After the 15 minute mandatory evacuation I was feeling much better so I grabbed my stuff and headed back to the trail, a good amount of runners had passed me by this time and I had a lot of ground and time to pick up. All I could think was my 2 hour first leg finish was definitely in jeopardy and I would have to run like gang-busters to get in anywhere close to that time. So I headed out with a bit of grit and determination, my bare feet felt like they were barely hitting the ground as I picked up the cadence. I hit the hills hard, trying my best to let my body go and have my legs and feet try to keep up on the downhill, it was an awesome feeling as I started to pass runners again. Things were looking up as I broke out of the woods at the highway access onto the gravel road prior to hitting the short trail run along the highway. The volunteers were hooting and hollering, and all of a sudden they stopped, then I heard it, the exclamation of "He's got no shoes on as I pounded past them with no concern with the pointy sharp rocks that were underfoot. Show no pain, lift, lift, lift, run like the ninja, was all I was thinking as I cruised by and turned up the trail. At this point I ran into one of my new Facebook running friends, PJ from Wisconsin, we talked a bit while we ran the trail to the road crossing, it was good to finally meet.

The volunteers were well organized and did a fantastic job of controlling the flow of runners and vehicles at the road crossing, this could of been a dangerous situation with cars trying to get to the transition for Leg 2 and the runners trying to get across the road, but it was 'smooth like butter' as I only had to wait for about 20 seconds to get my opening to take off across the road.
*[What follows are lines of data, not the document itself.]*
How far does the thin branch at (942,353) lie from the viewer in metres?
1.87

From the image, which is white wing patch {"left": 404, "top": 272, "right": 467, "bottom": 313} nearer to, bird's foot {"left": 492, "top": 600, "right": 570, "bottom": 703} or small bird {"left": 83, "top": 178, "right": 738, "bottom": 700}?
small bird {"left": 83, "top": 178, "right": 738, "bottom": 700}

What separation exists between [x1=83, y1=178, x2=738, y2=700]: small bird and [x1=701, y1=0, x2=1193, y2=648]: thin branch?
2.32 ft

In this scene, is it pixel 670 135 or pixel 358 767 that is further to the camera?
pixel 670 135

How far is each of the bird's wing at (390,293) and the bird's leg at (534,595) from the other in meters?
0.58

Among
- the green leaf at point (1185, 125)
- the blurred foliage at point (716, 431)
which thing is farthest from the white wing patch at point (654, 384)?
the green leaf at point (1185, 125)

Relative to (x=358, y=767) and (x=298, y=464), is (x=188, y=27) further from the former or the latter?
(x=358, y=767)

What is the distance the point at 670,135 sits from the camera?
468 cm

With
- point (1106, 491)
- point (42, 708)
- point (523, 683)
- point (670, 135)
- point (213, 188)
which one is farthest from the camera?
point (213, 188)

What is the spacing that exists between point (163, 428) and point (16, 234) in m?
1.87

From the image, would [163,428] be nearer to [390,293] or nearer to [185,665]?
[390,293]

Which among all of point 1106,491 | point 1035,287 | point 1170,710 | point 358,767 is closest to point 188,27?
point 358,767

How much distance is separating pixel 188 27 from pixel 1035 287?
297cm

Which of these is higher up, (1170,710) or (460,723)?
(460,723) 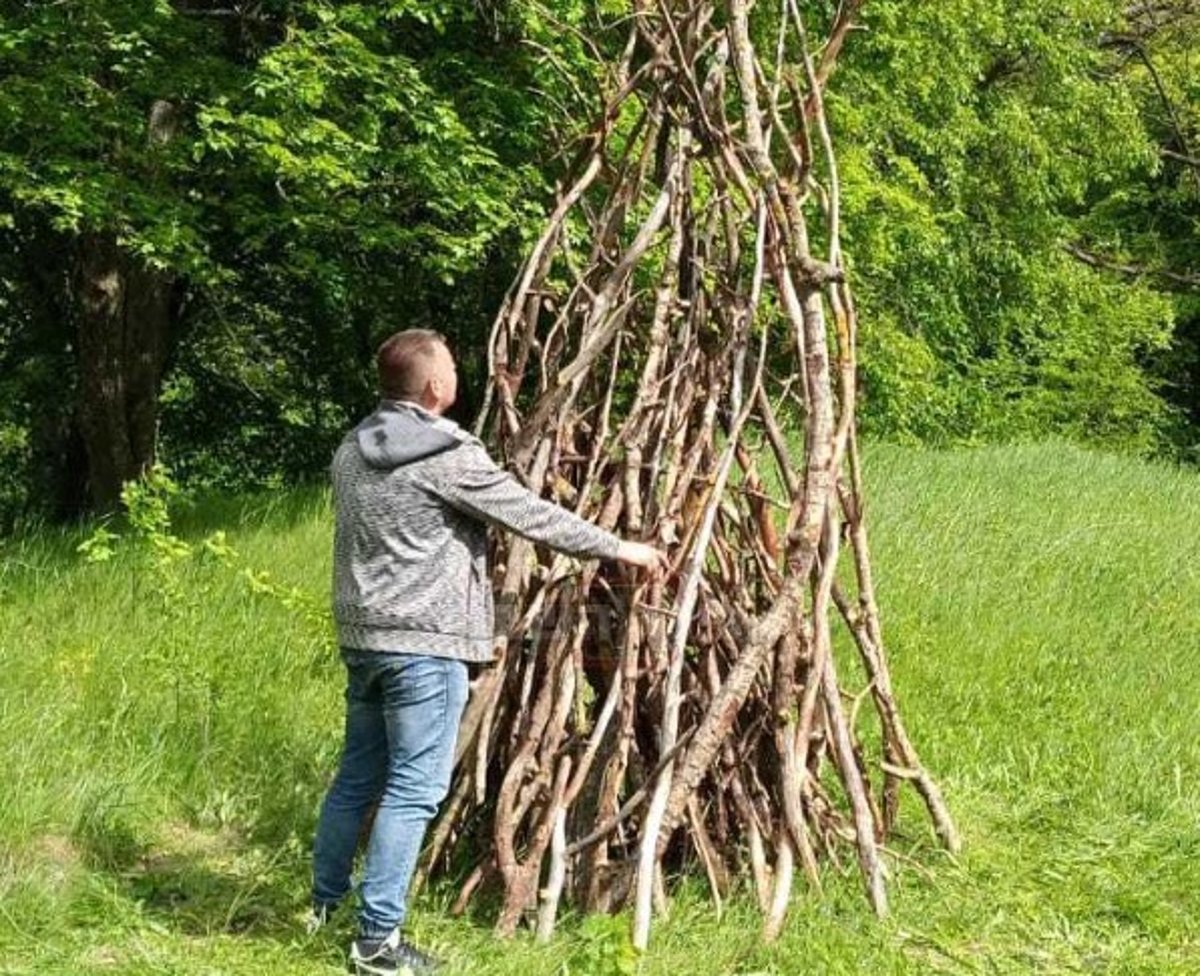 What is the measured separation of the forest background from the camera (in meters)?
8.42

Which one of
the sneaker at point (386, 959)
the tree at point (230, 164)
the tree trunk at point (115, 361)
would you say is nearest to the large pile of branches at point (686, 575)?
the sneaker at point (386, 959)

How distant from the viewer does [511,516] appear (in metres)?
3.67

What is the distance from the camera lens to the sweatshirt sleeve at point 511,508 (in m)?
3.67

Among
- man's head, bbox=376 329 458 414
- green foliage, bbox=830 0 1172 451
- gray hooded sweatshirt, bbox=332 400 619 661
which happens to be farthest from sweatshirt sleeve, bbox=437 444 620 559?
green foliage, bbox=830 0 1172 451

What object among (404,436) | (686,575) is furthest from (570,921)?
(404,436)

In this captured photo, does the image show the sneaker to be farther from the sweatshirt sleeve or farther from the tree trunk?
the tree trunk

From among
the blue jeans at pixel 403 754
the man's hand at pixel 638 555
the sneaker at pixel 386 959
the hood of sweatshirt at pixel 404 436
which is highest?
the hood of sweatshirt at pixel 404 436

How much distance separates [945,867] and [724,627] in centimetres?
106

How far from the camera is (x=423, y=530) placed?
3.68m

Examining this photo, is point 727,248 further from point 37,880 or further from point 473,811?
point 37,880

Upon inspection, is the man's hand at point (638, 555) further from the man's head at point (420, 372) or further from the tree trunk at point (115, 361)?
the tree trunk at point (115, 361)

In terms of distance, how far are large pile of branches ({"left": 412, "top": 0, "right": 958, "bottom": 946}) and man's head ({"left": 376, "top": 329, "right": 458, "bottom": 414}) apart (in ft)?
2.20

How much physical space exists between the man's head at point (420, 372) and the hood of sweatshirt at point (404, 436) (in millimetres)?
27

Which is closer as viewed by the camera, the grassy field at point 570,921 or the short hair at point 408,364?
the short hair at point 408,364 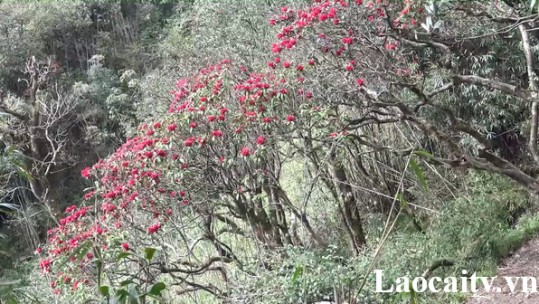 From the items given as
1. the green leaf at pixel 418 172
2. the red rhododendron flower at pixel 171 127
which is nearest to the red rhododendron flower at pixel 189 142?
the red rhododendron flower at pixel 171 127

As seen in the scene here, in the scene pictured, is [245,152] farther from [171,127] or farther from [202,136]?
[171,127]

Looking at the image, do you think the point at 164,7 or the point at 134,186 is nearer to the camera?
the point at 134,186

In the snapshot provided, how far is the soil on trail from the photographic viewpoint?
320 cm

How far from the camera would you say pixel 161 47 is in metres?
10.0

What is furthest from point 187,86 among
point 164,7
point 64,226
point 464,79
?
point 164,7

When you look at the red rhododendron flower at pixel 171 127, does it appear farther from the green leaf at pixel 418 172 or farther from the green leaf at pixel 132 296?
the green leaf at pixel 132 296

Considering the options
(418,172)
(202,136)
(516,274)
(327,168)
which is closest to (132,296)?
(418,172)

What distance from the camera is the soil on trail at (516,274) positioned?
10.5 feet

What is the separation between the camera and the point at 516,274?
346 cm

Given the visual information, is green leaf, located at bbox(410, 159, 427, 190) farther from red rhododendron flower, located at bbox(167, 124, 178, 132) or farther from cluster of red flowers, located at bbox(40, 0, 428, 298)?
red rhododendron flower, located at bbox(167, 124, 178, 132)

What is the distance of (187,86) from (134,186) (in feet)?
3.52

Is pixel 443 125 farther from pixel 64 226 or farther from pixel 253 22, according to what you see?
pixel 64 226

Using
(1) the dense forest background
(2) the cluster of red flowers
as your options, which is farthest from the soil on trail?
(2) the cluster of red flowers

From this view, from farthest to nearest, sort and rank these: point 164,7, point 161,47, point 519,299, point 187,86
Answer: point 164,7 < point 161,47 < point 187,86 < point 519,299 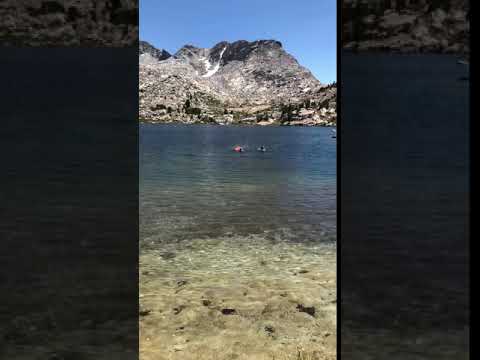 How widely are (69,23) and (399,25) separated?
2.04 m

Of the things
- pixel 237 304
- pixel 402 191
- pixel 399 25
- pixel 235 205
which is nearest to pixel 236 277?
pixel 237 304

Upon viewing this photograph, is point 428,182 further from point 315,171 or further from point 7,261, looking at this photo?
point 315,171

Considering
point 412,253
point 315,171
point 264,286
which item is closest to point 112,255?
point 412,253

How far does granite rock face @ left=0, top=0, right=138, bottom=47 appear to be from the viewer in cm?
248

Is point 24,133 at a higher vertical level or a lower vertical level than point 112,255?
higher

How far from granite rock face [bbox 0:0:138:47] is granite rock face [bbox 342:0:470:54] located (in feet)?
4.40

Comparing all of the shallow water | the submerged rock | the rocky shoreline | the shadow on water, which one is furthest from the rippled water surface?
the shadow on water

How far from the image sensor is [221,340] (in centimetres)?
617

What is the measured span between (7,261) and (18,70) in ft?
4.03

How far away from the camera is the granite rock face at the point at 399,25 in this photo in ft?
7.54

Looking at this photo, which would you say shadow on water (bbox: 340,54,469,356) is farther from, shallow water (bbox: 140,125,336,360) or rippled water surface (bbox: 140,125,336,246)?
rippled water surface (bbox: 140,125,336,246)

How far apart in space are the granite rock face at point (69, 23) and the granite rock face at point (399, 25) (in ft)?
4.40

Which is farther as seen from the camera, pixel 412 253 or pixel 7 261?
pixel 7 261

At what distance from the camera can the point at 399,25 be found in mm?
2336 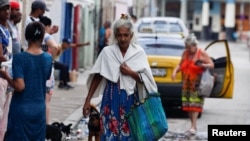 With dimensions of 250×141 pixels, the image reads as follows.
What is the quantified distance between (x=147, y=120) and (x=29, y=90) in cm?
126

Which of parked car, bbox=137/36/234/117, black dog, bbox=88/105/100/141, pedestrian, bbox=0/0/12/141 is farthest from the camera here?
parked car, bbox=137/36/234/117

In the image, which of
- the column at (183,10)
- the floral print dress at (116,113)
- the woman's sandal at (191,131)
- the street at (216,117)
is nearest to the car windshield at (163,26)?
the street at (216,117)

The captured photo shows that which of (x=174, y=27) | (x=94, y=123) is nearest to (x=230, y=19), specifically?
(x=174, y=27)

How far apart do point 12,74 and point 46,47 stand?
12.5 ft

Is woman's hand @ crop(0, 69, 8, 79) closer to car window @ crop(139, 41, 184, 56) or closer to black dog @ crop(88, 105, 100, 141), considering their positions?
black dog @ crop(88, 105, 100, 141)

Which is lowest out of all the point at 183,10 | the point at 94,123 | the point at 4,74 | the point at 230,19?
the point at 230,19

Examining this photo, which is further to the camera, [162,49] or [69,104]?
[69,104]

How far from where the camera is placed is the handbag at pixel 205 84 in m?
14.6

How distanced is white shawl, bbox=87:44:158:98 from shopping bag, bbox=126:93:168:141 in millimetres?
122

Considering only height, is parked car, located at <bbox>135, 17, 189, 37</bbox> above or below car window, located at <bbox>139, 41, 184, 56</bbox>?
below

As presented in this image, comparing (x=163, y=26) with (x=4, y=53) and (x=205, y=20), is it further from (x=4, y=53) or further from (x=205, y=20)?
(x=205, y=20)

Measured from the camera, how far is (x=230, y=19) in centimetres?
8831

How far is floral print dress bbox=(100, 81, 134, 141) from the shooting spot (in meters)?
9.02

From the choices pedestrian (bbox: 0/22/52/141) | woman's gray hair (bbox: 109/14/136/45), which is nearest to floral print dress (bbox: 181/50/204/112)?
woman's gray hair (bbox: 109/14/136/45) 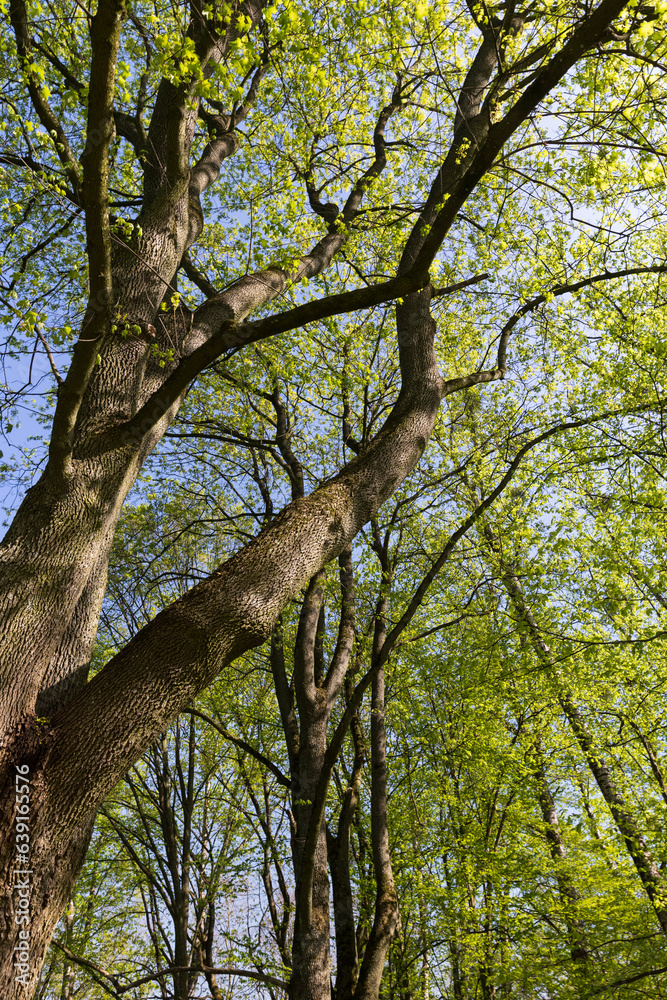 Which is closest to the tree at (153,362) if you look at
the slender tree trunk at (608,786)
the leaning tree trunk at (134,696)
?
the leaning tree trunk at (134,696)

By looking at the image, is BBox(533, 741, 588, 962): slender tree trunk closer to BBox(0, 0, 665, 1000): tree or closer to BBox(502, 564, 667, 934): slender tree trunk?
BBox(502, 564, 667, 934): slender tree trunk

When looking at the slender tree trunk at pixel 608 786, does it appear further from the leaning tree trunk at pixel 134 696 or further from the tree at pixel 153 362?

Things were going well as I felt like I sped through the next portion of trails, and onto the gravel road which at first I was quite concerned with but my feet just 'toed' the tire tracks and I carried on my merry way. With about half of the gravel road behind me, I was slowly catching up on one of the Legends of The Death Race, Dag Aabye, an absolute inspiration to me and many other a Death Racer. Dag is 71 years young and has participated in the last 10 Death Races as a solo runner and finishing I believe 7 of them. The only way I can describe the way Dag runs is, 'Smooth as Silk', he is such a treat to watch as he strides along at a consistent pace.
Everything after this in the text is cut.